Data provided –
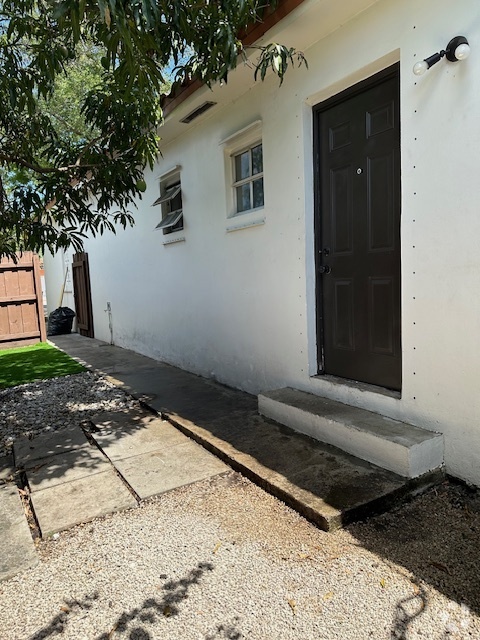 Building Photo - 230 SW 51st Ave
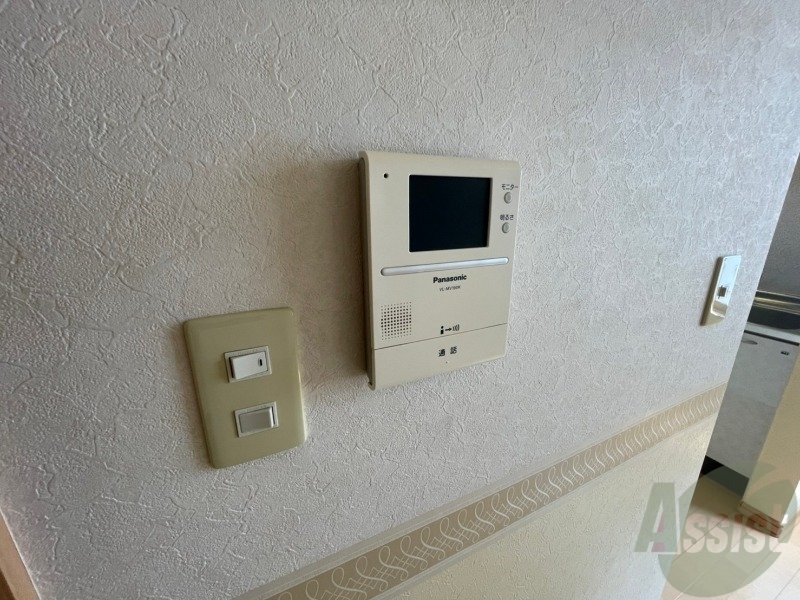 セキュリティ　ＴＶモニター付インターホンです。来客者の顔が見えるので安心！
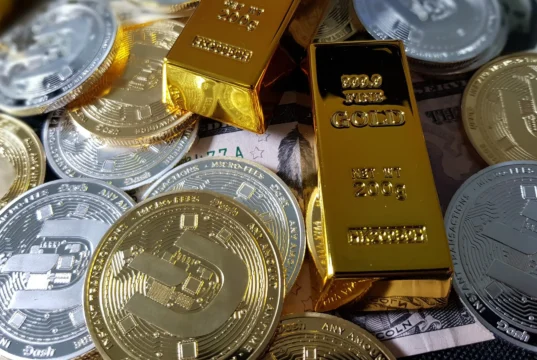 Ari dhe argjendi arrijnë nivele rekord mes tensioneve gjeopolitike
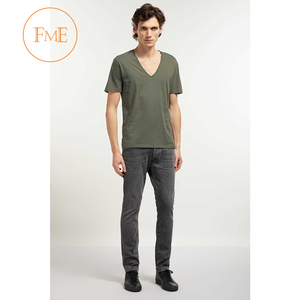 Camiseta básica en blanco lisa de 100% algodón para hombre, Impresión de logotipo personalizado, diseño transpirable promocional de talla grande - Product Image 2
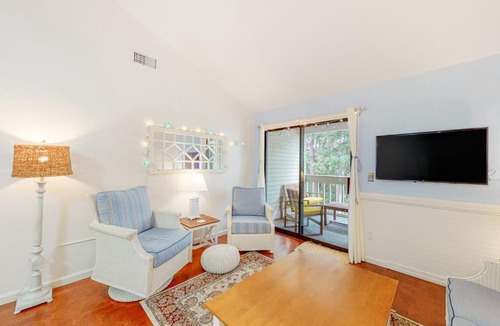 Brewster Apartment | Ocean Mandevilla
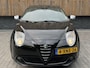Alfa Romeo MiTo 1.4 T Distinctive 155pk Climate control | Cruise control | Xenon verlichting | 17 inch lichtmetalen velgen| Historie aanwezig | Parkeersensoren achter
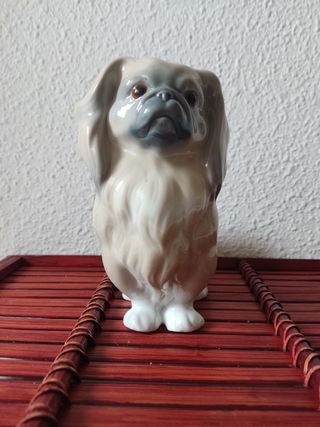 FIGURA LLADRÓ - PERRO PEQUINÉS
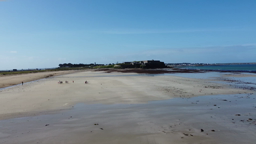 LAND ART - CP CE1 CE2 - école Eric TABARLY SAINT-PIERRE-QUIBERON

Assigned task – Leave out all pictures and extract exactly the lines from the line with "Camiseta básica en" through the end of the material.

Exercise solution –
 Camiseta básica en blanco lisa de 100% algodón para hombre, Impresión de logotipo personalizado, diseño transpirable promocional de talla grande - Product Image 2
 Brewster Apartment | Ocean Mandevilla
Alfa Romeo MiTo 1.4 T Distinctive 155pk Climate control | Cruise control | Xenon verlichting | 17 inch lichtmetalen velgen| Historie aanwezig | Parkeersensoren achter
 FIGURA LLADRÓ - PERRO PEQUINÉS
 LAND ART - CP CE1 CE2 - école Eric TABARLY SAINT-PIERRE-QUIBERON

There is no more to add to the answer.